Para Shomali, o arquivo permite que os palestinos recuperem o domínio sobre a sua história. “De repente, você começa a ter essa malha, essa teia de informações e dados, e isso permite reescrever a história, mas, curiosamente, de baixo para cima, no sentido de que não é um arquivo estatal.”
O museu também tomou medidas para garantir que o arquivo possa sobreviver a ataques digitais e até mesmo à destruição física. Várias cópias do arquivo são armazenadas em todo o mundo, criando um sistema distribuído projetado para evitar que as coleções desapareçam completamente.
“Temos backups diferentes, mas continuamos recebendo ataques cibernéticos no site”, diz Shomali. “Quase todo mês somos atacados, o site fica fora do ar e nós o reiniciamos com base em um dos backups que temos.”
“Não podemos protegê-lo de ser hackeado, mas podemos protegê-lo de desaparecer.”
A natureza distribuída do arquivo significa que a história palestiniana já não existe num único edifício ou num único servidor.

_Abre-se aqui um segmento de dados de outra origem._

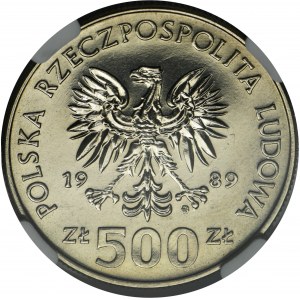 PRÓBA NIKIEL, 500 złotych 1989 Władysław II Jagiełło - NGC MS68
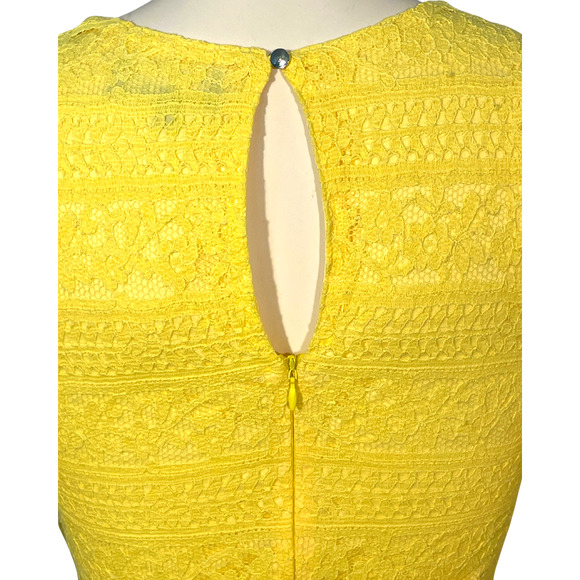 Lulus Sz S Love You Always Sleeveless VNeck Skater Dress Yellow Lace with Ruffle - Picture 5 of 12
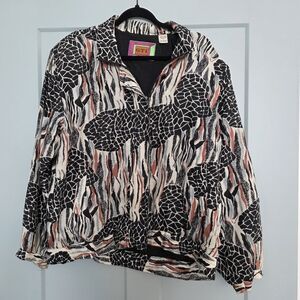 Vintage 1980s GTI Exclusive 100% Silk Jacket Size Large Retro Statement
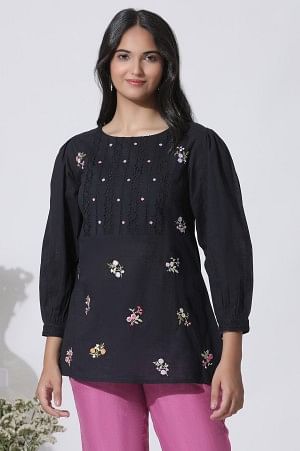 Black Embroidered Cotton Top With Schiffli Yoke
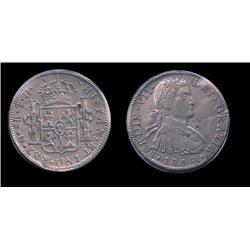 Mexico 1809/8 8 reales Nice; Tiny drill mk rev, w/chopmarks Great detail!!!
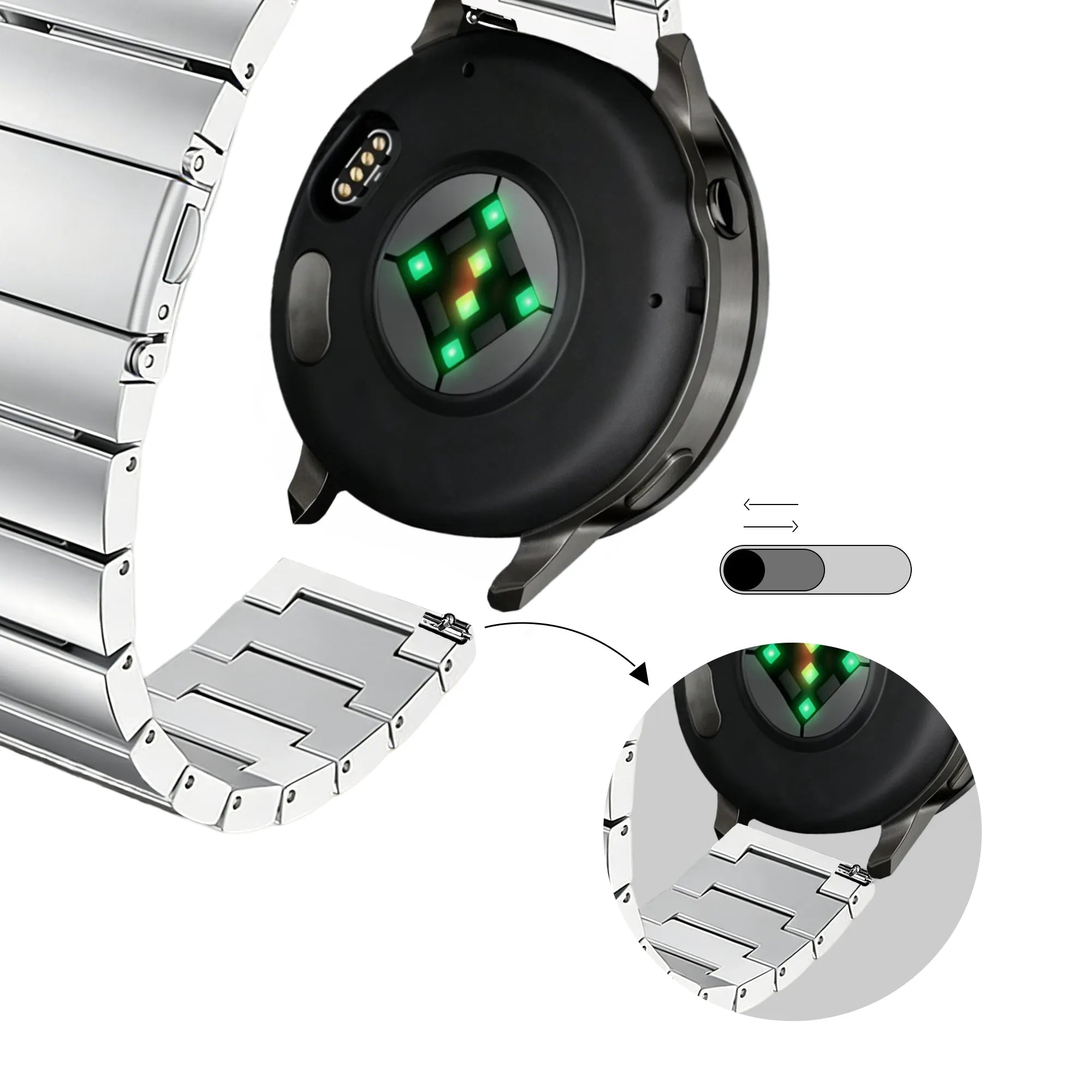 Bandz Garmin Vivomove Trend Steel Strap 'One Bead' (Silver)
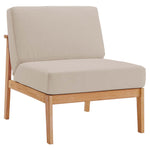 Modway Sedona Outdoor Patio Eucalyptus Wood Sectional Sofa Armless Chair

Mesmo que uma cópia desapareça, outras permanecem.
Uma iniciativa transformou o arquivo no que Shomali descreve como “uma exposição numa caixa, ao estilo Ikea”. Os usuários podem baixar materiais de exposição, imprimi-los e realizar suas próprias exposições sobre a Palestina em qualquer lugar do mundo, independentemente do orçamento. O projeto foi exibido mais de 260 vezesdo Japão a São Francisco, e traduzido para cinco idiomas.
O arquivo também se tornou um recurso para artistas e curadores no exterior. Em maio de 2026, a artista e curadora Leyya Mona Tawil utilizou suas coleções para criar Meu Nome é Palestina: Ecos da Exposição Online de Música do Museu Palestino em São Francisco.
“Eles choravam principalmente e diziam, obrigado”, diz Tawil sobre a recepção às pessoas que visitaram a exposição.
Reconhecendo a enorme escala do arquivo, Tawil diz que acessou apenas um “fragmento do que o museu guarda”. Mas mesmo isso teve um impacto profundo nela como artista e no seu público: “Não é apenas uma história da música, não é apenas uma coleção de objetos passados; é um arquivo vivo que representa uma sociedade que está sob ameaça”.